Пелагея отогнала теленка, приладившегося жевать рукав бязевой рубахи, которая висела во дворе, открыла створку ворот и пожелала Ивану ни пуха ни пера.

— Иди к черту! — беззлобно ответил Иван, как полагалось по ритуалу. Оба засмеялись.

Он решил идти к озеру напрямик, мимо дубовой гривы, рассчитывая, что осевший снег выдержит его, да и не хотелось, чтобы попадались встречные. А то начнут расспрашивать, ахать и охать, жаловаться и сетовать на тяготы жизни. Поэтому на середине свернул с торной, протоптанной лошадьми и пешими дороги, зашагал к острову, держа направление на опушку дубовой гривы. Вначале он не заметил, что кто-то тоже догадался срезать дорогу, направляясь, видимо, к Запертому. Не заметил потому, что весь был захвачен ощущением какой-то легкости и радости.

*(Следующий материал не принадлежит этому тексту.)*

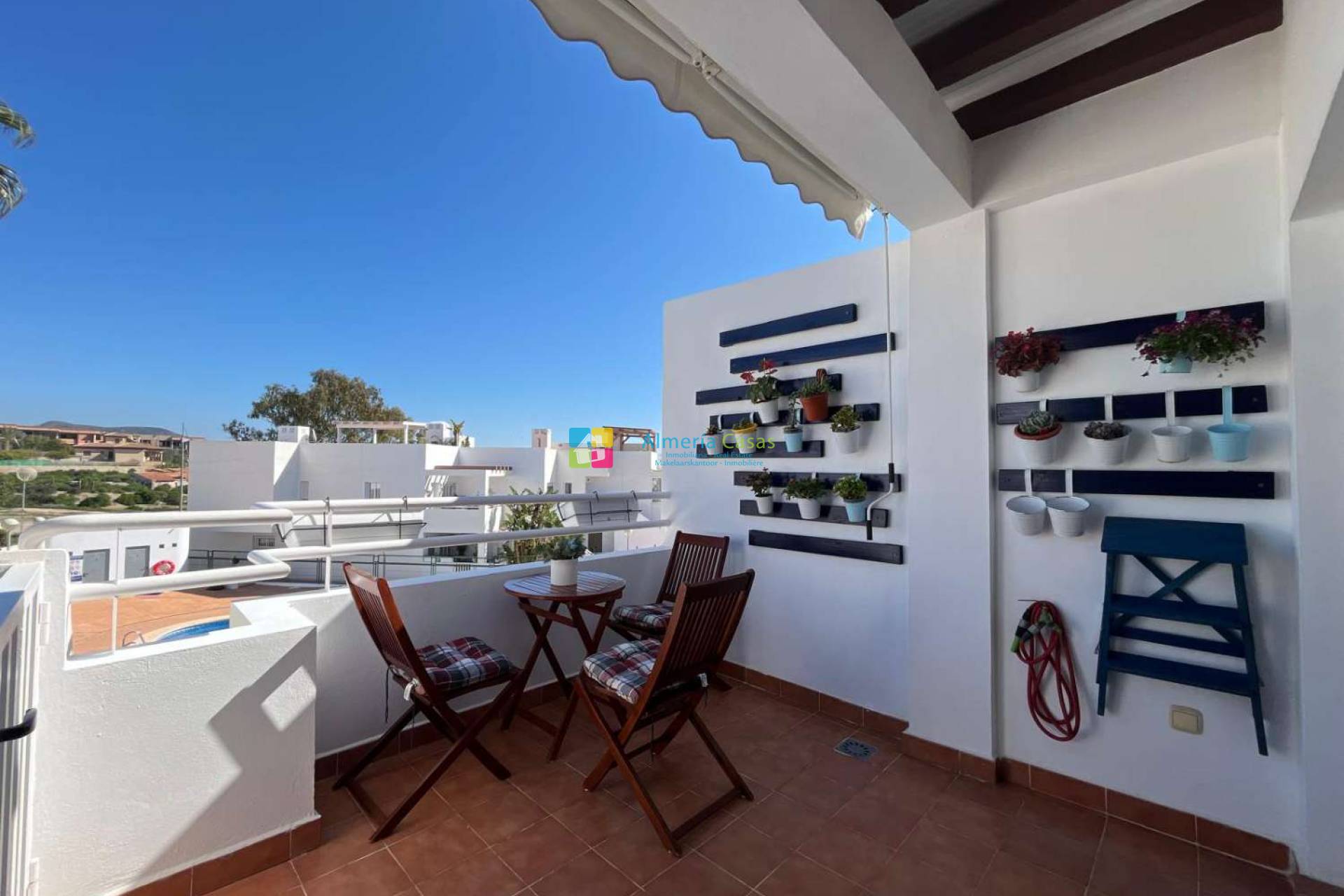 Appartement - Location longue durée - Cuevas del Almanzora - Palomares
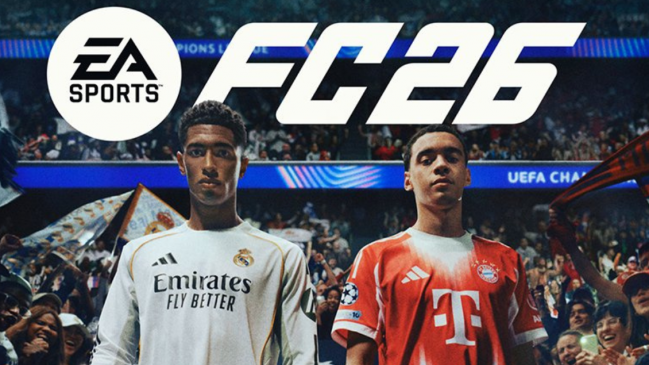 EA Sports lanza el FC 26, su videojuego más ambicioso y con más mejoras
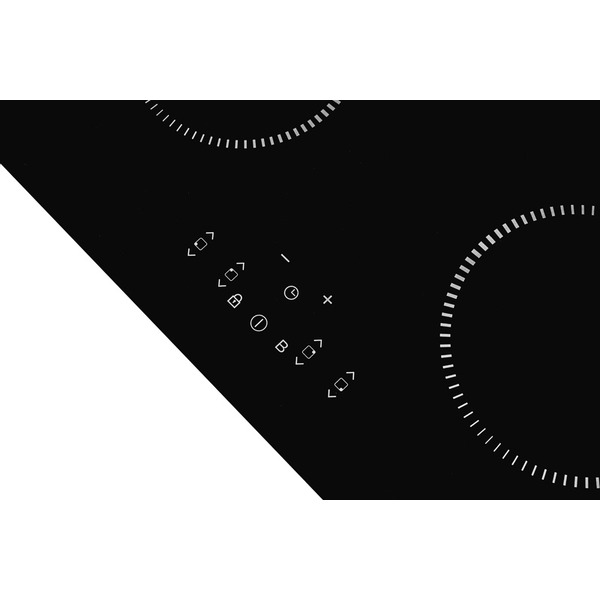 Варочная панель Akpo PIA 60 940 12CC BL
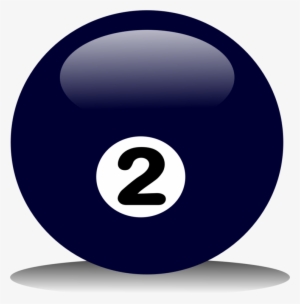 Billiard Balls Eight-ball Billiards Pool Snooker - Png Snooker Ball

Он даже остановился и стал осматриваться с улыбкой вокруг, шепча:

— Как здорово, черт возьми!

Тишина и снег. Его словно завернули в вату, и он будто бы оглох от этой тишины. Иван стоял на льду, и сугробы возле острова казались ему похожими на застывшие белые волны, которые не решаются ринуться на заросший тальником берег. А дальше по острову снег был подсиненным, словно выстиранное белье. Нет, определенно он никогда не замечал прежде, что снег может быть синим!